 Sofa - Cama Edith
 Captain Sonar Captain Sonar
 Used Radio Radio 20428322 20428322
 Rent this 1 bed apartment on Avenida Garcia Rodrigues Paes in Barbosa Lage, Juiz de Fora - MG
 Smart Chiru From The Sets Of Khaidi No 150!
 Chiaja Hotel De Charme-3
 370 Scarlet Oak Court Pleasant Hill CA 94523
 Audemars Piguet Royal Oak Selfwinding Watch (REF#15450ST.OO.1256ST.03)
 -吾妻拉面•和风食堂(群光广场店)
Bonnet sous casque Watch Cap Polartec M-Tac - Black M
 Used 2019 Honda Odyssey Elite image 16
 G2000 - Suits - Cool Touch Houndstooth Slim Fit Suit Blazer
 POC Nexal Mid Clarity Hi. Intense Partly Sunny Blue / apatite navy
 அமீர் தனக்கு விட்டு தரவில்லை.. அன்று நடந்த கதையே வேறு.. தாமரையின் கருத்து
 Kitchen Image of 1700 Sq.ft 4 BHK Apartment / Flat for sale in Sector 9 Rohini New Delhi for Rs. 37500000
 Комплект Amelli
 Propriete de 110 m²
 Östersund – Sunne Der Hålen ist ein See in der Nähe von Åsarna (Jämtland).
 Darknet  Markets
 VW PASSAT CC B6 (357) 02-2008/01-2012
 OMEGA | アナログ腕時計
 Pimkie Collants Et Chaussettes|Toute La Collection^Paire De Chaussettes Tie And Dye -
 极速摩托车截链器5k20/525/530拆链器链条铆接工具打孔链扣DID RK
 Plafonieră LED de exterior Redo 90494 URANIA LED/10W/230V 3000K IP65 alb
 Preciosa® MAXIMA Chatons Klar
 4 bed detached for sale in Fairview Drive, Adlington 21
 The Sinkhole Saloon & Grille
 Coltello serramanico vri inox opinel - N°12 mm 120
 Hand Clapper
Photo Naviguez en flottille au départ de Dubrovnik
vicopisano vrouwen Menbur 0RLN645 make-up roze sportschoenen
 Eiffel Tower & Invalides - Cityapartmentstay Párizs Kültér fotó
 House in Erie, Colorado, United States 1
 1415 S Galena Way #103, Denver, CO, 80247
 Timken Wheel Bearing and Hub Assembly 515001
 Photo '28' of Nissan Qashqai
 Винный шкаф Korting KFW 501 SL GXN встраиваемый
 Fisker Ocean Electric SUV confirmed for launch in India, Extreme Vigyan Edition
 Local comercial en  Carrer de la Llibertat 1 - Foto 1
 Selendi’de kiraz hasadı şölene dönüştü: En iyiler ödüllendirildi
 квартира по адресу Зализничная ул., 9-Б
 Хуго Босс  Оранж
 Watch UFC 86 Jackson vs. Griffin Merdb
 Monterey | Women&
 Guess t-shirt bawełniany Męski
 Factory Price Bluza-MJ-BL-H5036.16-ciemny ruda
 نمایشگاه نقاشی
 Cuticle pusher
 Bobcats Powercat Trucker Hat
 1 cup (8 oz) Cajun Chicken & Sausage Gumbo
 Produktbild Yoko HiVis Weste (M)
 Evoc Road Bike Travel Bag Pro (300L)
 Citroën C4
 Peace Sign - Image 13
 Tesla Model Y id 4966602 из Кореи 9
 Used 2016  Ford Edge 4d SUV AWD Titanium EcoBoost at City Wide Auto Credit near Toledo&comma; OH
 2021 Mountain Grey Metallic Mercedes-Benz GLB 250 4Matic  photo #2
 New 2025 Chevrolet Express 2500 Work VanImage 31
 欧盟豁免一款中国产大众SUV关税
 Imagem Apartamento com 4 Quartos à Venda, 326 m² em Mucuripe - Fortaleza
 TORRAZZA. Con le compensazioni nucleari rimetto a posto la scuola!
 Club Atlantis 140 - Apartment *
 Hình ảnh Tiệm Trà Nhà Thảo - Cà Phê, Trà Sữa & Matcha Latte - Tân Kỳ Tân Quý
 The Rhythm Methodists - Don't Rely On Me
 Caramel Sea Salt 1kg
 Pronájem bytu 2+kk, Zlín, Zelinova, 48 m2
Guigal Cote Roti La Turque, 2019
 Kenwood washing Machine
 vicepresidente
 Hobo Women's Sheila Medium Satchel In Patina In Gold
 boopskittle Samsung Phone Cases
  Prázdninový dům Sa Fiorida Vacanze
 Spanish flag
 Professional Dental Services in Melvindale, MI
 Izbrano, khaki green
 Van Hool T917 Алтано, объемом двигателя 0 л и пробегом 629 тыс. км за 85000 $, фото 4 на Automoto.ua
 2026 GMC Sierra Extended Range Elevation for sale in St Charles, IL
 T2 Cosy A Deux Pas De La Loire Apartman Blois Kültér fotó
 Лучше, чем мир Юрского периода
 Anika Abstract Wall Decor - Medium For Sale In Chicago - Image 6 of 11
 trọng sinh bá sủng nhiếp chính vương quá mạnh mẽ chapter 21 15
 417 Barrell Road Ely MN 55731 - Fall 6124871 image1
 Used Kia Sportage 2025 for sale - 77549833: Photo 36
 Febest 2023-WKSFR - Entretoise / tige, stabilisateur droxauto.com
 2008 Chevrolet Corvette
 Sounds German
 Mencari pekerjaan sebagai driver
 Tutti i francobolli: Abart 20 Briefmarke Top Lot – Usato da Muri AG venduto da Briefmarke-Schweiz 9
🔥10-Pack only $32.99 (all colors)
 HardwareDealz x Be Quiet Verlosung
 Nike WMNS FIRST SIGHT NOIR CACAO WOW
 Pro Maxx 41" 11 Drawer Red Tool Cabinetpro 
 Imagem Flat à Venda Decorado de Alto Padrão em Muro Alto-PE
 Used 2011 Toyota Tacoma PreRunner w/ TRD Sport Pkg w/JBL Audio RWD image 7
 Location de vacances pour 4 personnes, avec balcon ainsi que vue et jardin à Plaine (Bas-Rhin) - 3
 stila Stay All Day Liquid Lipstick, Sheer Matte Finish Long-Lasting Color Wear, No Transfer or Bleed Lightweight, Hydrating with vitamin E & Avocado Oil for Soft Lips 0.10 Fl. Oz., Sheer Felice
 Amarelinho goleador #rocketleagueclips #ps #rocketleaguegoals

-- -- --

## Problem
Retype the entries above. Match them exactly.

## Solution to this problem
 Sofa - Cama Edith
 Captain Sonar Captain Sonar
 Used Radio Radio 20428322 20428322
 Rent this 1 bed apartment on Avenida Garcia Rodrigues Paes in Barbosa Lage, Juiz de Fora - MG
 Smart Chiru From The Sets Of Khaidi No 150!
 Chiaja Hotel De Charme-3
 370 Scarlet Oak Court Pleasant Hill CA 94523
 Audemars Piguet Royal Oak Selfwinding Watch (REF#15450ST.OO.1256ST.03)
 -吾妻拉面•和风食堂(群光广场店)
Bonnet sous casque Watch Cap Polartec M-Tac - Black M
 Used 2019 Honda Odyssey Elite image 16
 G2000 - Suits - Cool Touch Houndstooth Slim Fit Suit Blazer
 POC Nexal Mid Clarity Hi. Intense Partly Sunny Blue / apatite navy
 அமீர் தனக்கு விட்டு தரவில்லை.. அன்று நடந்த கதையே வேறு.. தாமரையின் கருத்து
 Kitchen Image of 1700 Sq.ft 4 BHK Apartment / Flat for sale in Sector 9 Rohini New Delhi for Rs. 37500000
 Комплект Amelli
 Propriete de 110 m²
 Östersund – Sunne Der Hålen ist ein See in der Nähe von Åsarna (Jämtland).
 Darknet  Markets
 VW PASSAT CC B6 (357) 02-2008/01-2012
 OMEGA | アナログ腕時計
 Pimkie Collants Et Chaussettes|Toute La Collection^Paire De Chaussettes Tie And Dye -
 极速摩托车截链器5k20/525/530拆链器链条铆接工具打孔链扣DID RK
 Plafonieră LED de exterior Redo 90494 URANIA LED/10W/230V 3000K IP65 alb
 Preciosa® MAXIMA Chatons Klar
 4 bed detached for sale in Fairview Drive, Adlington 21
 The Sinkhole Saloon & Grille
 Coltello serramanico vri inox opinel - N°12 mm 120
 Hand Clapper
Photo Naviguez en flottille au départ de Dubrovnik
vicopisano vrouwen Menbur 0RLN645 make-up roze sportschoenen
 Eiffel Tower & Invalides - Cityapartmentstay Párizs Kültér fotó
 House in Erie, Colorado, United States 1
 1415 S Galena Way #103, Denver, CO, 80247
 Timken Wheel Bearing and Hub Assembly 515001
 Photo '28' of Nissan Qashqai
 Винный шкаф Korting KFW 501 SL GXN встраиваемый
 Fisker Ocean Electric SUV confirmed for launch in India, Extreme Vigyan Edition
 Local comercial en  Carrer de la Llibertat 1 - Foto 1
 Selendi’de kiraz hasadı şölene dönüştü: En iyiler ödüllendirildi
 квартира по адресу Зализничная ул., 9-Б
 Хуго Босс  Оранж
 Watch UFC 86 Jackson vs. Griffin Merdb
 Monterey | Women&
 Guess t-shirt bawełniany Męski
 Factory Price Bluza-MJ-BL-H5036.16-ciemny ruda
 نمایشگاه نقاشی
 Cuticle pusher
 Bobcats Powercat Trucker Hat
 1 cup (8 oz) Cajun Chicken & Sausage Gumbo
 Produktbild Yoko HiVis Weste (M)
 Evoc Road Bike Travel Bag Pro (300L)
 Citroën C4
 Peace Sign - Image 13
 Tesla Model Y id 4966602 из Кореи 9
 Used 2016  Ford Edge 4d SUV AWD Titanium EcoBoost at City Wide Auto Credit near Toledo&comma; OH
 2021 Mountain Grey Metallic Mercedes-Benz GLB 250 4Matic  photo #2
 New 2025 Chevrolet Express 2500 Work VanImage 31
 欧盟豁免一款中国产大众SUV关税
 Imagem Apartamento com 4 Quartos à Venda, 326 m² em Mucuripe - Fortaleza
 TORRAZZA. Con le compensazioni nucleari rimetto a posto la scuola!
 Club Atlantis 140 - Apartment *
 Hình ảnh Tiệm Trà Nhà Thảo - Cà Phê, Trà Sữa & Matcha Latte - Tân Kỳ Tân Quý
 The Rhythm Methodists - Don't Rely On Me
 Caramel Sea Salt 1kg
 Pronájem bytu 2+kk, Zlín, Zelinova, 48 m2
Guigal Cote Roti La Turque, 2019
 Kenwood washing Machine
 vicepresidente
 Hobo Women's Sheila Medium Satchel In Patina In Gold
 boopskittle Samsung Phone Cases
  Prázdninový dům Sa Fiorida Vacanze
 Spanish flag
 Professional Dental Services in Melvindale, MI
 Izbrano, khaki green
 Van Hool T917 Алтано, объемом двигателя 0 л и пробегом 629 тыс. км за 85000 $, фото 4 на Automoto.ua
 2026 GMC Sierra Extended Range Elevation for sale in St Charles, IL
 T2 Cosy A Deux Pas De La Loire Apartman Blois Kültér fotó
 Лучше, чем мир Юрского периода
 Anika Abstract Wall Decor - Medium For Sale In Chicago - Image 6 of 11
 trọng sinh bá sủng nhiếp chính vương quá mạnh mẽ chapter 21 15
 417 Barrell Road Ely MN 55731 - Fall 6124871 image1
 Used Kia Sportage 2025 for sale - 77549833: Photo 36
 Febest 2023-WKSFR - Entretoise / tige, stabilisateur droxauto.com
 2008 Chevrolet Corvette
 Sounds German
 Mencari pekerjaan sebagai driver
 Tutti i francobolli: Abart 20 Briefmarke Top Lot – Usato da Muri AG venduto da Briefmarke-Schweiz 9
🔥10-Pack only $32.99 (all colors)
 HardwareDealz x Be Quiet Verlosung
 Nike WMNS FIRST SIGHT NOIR CACAO WOW
 Pro Maxx 41" 11 Drawer Red Tool Cabinetpro 
 Imagem Flat à Venda Decorado de Alto Padrão em Muro Alto-PE
 Used 2011 Toyota Tacoma PreRunner w/ TRD Sport Pkg w/JBL Audio RWD image 7
 Location de vacances pour 4 personnes, avec balcon ainsi que vue et jardin à Plaine (Bas-Rhin) - 3
 stila Stay All Day Liquid Lipstick, Sheer Matte Finish Long-Lasting Color Wear, No Transfer or Bleed Lightweight, Hydrating with vitamin E & Avocado Oil for Soft Lips 0.10 Fl. Oz., Sheer Felice
 Amarelinho goleador #rocketleagueclips #ps #rocketleaguegoals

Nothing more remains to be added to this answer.